Schottky Transistors

Schottky Transistors

When the input of a saturated transistor is changed, the output does not change immediately; it takes extra time, called storage time, to come out of saturation, which accounts for a significant portion of the propagation delay in the original TTL logic family. Storage time can be eliminated and propagation delay can be reduced by ensuring that transistors do not saturate in normal operation.

Contemporary TTL logic families reduce storage time by placing a Schottky diode between the base and collector of each transistor that might saturate, as shown in Fig.12. The resulting transistors, which do not saturate, are called Schottky-clamped transistors or Schottky transistors for short.
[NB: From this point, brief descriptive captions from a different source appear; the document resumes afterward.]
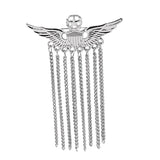 Maxbell Men Wing Tassel Chain Brooch Accessories for Shirt Birthday Gifts Wedding Argent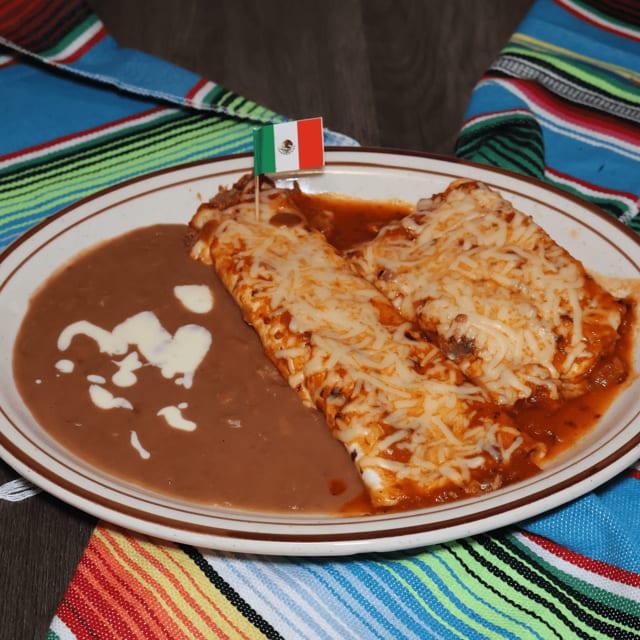 13. Beef Burrito, Real Chile Relleno & Beans.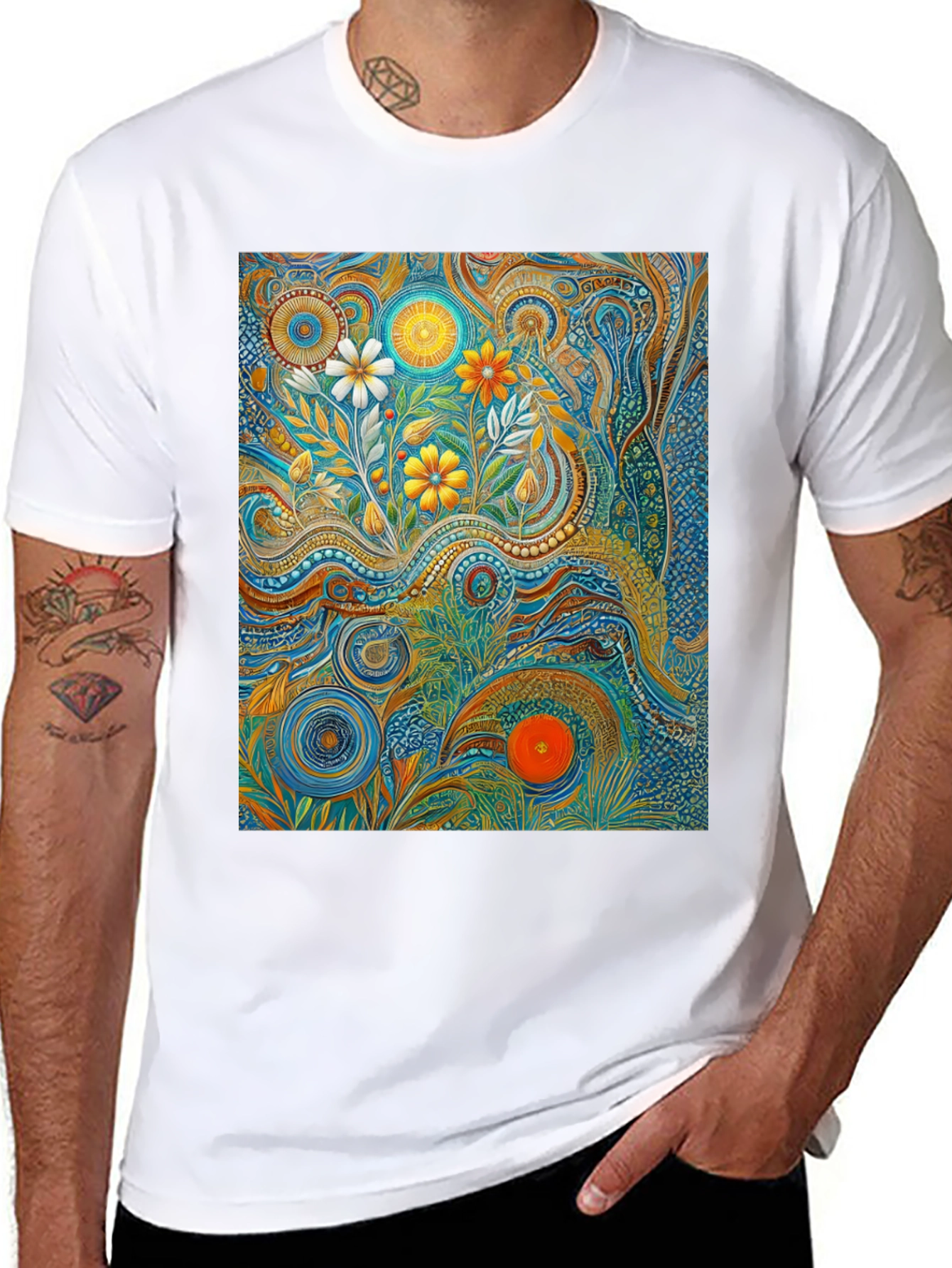 Black Psychedelic Floral Art T-Shirt view 8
Fig.12: Schottky – clamped transistor (a) Circuit (b) Symbol

When forward biased, a Schottky diode’s voltage drop is much less than a standard diode’s, 0.25 V vs. 0.6 V. In a standard saturated transistor, the base-to-collector voltage is 0.4 V, as shown in Fig.13 (a).

Fig.13: Operation of a transistor with large base current (a) Standard Saturated Transistor (b) Transistor with Schottky diode to prevent saturation.
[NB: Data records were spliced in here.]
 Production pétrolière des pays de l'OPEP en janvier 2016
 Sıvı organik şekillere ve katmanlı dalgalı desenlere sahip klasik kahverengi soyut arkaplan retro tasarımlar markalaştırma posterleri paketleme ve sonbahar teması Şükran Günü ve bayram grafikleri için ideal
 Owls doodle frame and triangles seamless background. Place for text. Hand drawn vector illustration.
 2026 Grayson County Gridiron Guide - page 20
In a Schottky transistor, the Schottky diode shunts current from the base into the collector before the transistor goes into saturation, as shown in fig.13 (b). Fig.14 is the circuit diagram of a simple inverter using a Schottky transistor.

Fig.14: Inverter using Schottky Transistor

In Fig.14, the inverter using schottky transistor, works in the similar manner as that of BJT based inverter but the difference is in the logic level obtained at the output i.e., the voltage level in logic-'0' will be now 0.35V instead of 0.2V.